Todavía queda dentro de mí, y de millones como yo —cada día veo varias referencias a Walden en Facebook y Twitter, esas cabañas que nos convierten en ermitaños trabajando gratis para los magnates del 2.0—, los rescoldos de la brusquedad ardiente de las primeras líneas del libro:

«Cuando escribí las páginas que siguen, o más bien la mayoría de ellas, vivía solo en los bosques, a una milla de distancia de cualquier vecino, en una casa que yo mismo había construido, a orillas de la laguna de Walden en Concord (Massachusetts), y me ganaba la vida únicamente con el trabajo de mis manos. En ella viví dos años y dos meses. Ahora soy de nuevo un morador en la vida civilizada».

Así comienza Walden. La imagen inmediata que el lector se hace de Thoreau es la de un hombre que se ha atrevido a quemar las naves, romper los puentes y vivir entre pájaros y árboles, un San Francisco de Asís moderno…

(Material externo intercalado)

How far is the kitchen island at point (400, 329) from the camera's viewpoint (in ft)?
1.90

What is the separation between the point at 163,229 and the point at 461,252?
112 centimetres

Si a alguien le interesa conocer al cantante (Thoreau) una vez conocida la canción (Walden), que eche un vistazo a la mejor biografía sobre el personaje:  The Days of Henry Thoreau, del académico —y gran admirador del personaje— Walter Harding. La instantánea que resulta poco tiene que ver con la de un delicioso ermitaño progresista, desprendido y autosuficiente.

Réplica de la cabaña de Thoreau en la ubicación original y estatua del escritor

Réplica de la cabaña de Thoreau en la ubicación original y estatua del escritor

1. La pequeña cabaña no fue construida por Thoreau, que no tenía idea de carpintería y era muy torpe para los trabajos manuales. Era una vieja construcción de un siglo de antigüedad que había reformado como refugio el también escritor y amigo de Thoreau Ralph Waldo Emerson.

2. La cabaña «en los bosques» estaba situada cerca del lago Walden, al borde de la carretera entre las ciudades de Concord y Lincoln, en una zona que ya entonces estaba bastante poblada y muy bien comunicada.

3. Thoreau iba casi todos los días a Concord, a 2,4 kilómetros de la cabaña. Se abastecía de alimentos, bebía alguna cerveza en el bar, compraba prensa y libros y visitaba a su madre y tías, que vivían en el pueblo y siempre le tenían preparada alguna delicatessen para que se llevase a la jungla.

4. Cada sábado la familia y amigos celebraban una reunión masiva en la cabaña. Cestas de viandas y bebidas llegaban al bosque para solaz de los asistentes.

Esquema para construir una cabaña como la de Thoreau

Esquema para construir una cabaña como la de Thoreau

5. Amigo de la propaganda, el escritor empezó a dar conferencias en Concord tras un año de residencia en Walden y avisó a su círculo de amistades del experimento de vida salvaje que llevaba a cabo. Muchos notables acudieron de visita a la cabaña. Emerson y Nathaniel Hawthorne se quedaron a cenar y a pasar la noche más de una vez. El vino y el brandy no escaseaban.

6. La proeza de Thoreau fue muy bien recibida por las sociedades burguesas progresistas de la zona, que comenzaron a organizar excursiones turísticas.

7. Una sociedad de damas contra la esclavitud celebró su junta anual en la cabaña en agosto de 1846. Sirvieron un té con pastas.

8. No hay constancia de que Thoreau haya plantado o cultivado ni siquiera perejil durante sus dos años de «vida primitiva».

9. Tampoco parece que se haya desprendido nunca de la levita y el alzacuellos.

10. «No era un lugar solitario. No había ni un día en que Thoreau dejase de recibir visitas (…) En una ocasión se reunieron en el lugar 25 personas«, dice la biografía.

Un par de carteles con mensajes basados en los libros de Thoreau

Un par de carteles con mensajes basados en los libros de Thoreau

Cuando conoces al cantante, la canción deja de acaricirte el alma. Sucede con frecuencia y es doloroso. Quiza debiera tomar precauciones y dejar de leer biografías.

«La mayor parte de los lujos, o las llamadas comodidades de la vida, no son solamente innecesarios, sino también impedimentos para la elevación de la humanidad. En lo que se refiere a los lujos y comodidades de la vida, diré que los más sabios siempre han vivido vidas más simples y pobres que las vidas de los mismos pobres«.

A partir de ahora no te creo, Thoreau. Sé que escribías el canto al ascetismo de Walden con la pluma en una mano y un muslo de pavo asado por mamá en la otra. Eras uno de esos que se indignan los fines de semana pensando en el lunes.